(Collected data entries)
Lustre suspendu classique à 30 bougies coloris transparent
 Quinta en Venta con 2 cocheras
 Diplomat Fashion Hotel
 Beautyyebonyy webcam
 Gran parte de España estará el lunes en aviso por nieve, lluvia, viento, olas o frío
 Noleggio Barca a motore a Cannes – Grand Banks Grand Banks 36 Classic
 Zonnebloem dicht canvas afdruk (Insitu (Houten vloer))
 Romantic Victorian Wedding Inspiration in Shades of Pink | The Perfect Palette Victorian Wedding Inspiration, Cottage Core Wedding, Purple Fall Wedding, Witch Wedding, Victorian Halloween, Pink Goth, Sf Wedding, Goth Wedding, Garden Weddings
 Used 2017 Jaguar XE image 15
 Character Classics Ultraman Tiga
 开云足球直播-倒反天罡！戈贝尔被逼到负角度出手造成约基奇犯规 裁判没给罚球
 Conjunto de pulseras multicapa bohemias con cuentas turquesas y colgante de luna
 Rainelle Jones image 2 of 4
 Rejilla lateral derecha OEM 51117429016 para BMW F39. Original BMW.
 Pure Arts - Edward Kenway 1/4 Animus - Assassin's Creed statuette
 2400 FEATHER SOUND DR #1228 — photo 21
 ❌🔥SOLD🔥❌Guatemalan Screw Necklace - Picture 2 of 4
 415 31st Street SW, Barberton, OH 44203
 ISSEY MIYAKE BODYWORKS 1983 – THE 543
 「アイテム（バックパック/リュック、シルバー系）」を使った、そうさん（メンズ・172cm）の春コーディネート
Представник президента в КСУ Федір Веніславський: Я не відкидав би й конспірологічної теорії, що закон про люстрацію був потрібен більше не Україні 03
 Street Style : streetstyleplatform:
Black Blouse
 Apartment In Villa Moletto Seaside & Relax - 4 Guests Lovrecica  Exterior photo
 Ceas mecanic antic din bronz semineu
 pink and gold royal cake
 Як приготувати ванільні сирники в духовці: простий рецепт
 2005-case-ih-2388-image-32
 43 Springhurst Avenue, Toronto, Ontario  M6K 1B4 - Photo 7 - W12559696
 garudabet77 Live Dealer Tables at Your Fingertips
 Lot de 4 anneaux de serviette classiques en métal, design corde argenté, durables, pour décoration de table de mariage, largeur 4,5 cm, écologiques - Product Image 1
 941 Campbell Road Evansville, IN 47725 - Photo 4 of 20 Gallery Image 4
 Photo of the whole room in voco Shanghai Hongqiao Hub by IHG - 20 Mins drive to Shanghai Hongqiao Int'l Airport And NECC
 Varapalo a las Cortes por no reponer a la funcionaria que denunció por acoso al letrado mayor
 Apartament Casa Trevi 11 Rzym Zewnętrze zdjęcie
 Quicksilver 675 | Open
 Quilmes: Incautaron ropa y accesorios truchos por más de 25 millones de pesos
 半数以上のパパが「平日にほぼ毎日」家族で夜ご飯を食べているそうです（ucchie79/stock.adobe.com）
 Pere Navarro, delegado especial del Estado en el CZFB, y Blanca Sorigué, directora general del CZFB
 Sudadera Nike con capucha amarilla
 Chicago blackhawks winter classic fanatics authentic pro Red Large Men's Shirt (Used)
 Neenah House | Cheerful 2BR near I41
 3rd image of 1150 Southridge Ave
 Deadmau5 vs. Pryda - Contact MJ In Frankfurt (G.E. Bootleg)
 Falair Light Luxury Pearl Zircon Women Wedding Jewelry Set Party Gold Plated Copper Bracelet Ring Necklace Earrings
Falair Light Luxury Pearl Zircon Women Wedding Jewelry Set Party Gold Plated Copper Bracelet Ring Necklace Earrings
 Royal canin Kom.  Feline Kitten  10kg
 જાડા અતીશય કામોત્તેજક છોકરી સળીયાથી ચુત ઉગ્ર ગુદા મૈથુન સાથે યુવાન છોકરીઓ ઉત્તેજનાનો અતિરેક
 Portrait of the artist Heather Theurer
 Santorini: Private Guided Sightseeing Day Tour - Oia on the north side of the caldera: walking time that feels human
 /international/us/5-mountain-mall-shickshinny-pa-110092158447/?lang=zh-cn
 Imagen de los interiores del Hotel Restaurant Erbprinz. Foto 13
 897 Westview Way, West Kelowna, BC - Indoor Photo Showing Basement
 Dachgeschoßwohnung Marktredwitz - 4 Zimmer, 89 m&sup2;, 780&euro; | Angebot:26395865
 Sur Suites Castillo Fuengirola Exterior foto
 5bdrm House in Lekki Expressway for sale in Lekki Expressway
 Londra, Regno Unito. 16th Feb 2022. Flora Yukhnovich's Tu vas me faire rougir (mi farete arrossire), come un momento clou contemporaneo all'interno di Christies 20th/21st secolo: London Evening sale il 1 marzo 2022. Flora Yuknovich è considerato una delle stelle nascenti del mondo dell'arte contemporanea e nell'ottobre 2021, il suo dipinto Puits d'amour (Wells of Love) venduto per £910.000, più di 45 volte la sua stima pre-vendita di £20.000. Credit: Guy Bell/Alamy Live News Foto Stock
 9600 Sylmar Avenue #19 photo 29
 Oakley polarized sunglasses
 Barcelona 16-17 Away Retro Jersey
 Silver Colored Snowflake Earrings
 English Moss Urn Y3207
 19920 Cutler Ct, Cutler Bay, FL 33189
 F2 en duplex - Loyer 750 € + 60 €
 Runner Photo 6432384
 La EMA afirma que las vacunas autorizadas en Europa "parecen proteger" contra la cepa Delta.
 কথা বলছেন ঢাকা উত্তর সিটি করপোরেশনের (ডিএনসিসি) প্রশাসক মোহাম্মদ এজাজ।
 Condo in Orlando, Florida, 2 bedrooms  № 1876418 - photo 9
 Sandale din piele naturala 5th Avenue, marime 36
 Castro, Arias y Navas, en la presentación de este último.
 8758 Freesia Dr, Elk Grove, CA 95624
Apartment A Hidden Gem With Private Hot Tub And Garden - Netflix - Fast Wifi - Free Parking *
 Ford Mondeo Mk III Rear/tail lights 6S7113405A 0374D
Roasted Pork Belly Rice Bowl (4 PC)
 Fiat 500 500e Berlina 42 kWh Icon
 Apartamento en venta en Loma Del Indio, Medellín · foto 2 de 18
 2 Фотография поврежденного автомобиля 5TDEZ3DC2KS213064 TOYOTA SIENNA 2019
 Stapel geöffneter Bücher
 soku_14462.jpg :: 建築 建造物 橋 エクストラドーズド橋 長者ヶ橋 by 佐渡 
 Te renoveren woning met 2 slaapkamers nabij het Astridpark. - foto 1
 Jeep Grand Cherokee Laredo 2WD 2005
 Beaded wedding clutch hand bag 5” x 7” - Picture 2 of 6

- Activity -
Count the lines above holding "Apartment". Give only the number.

- Answer below -
2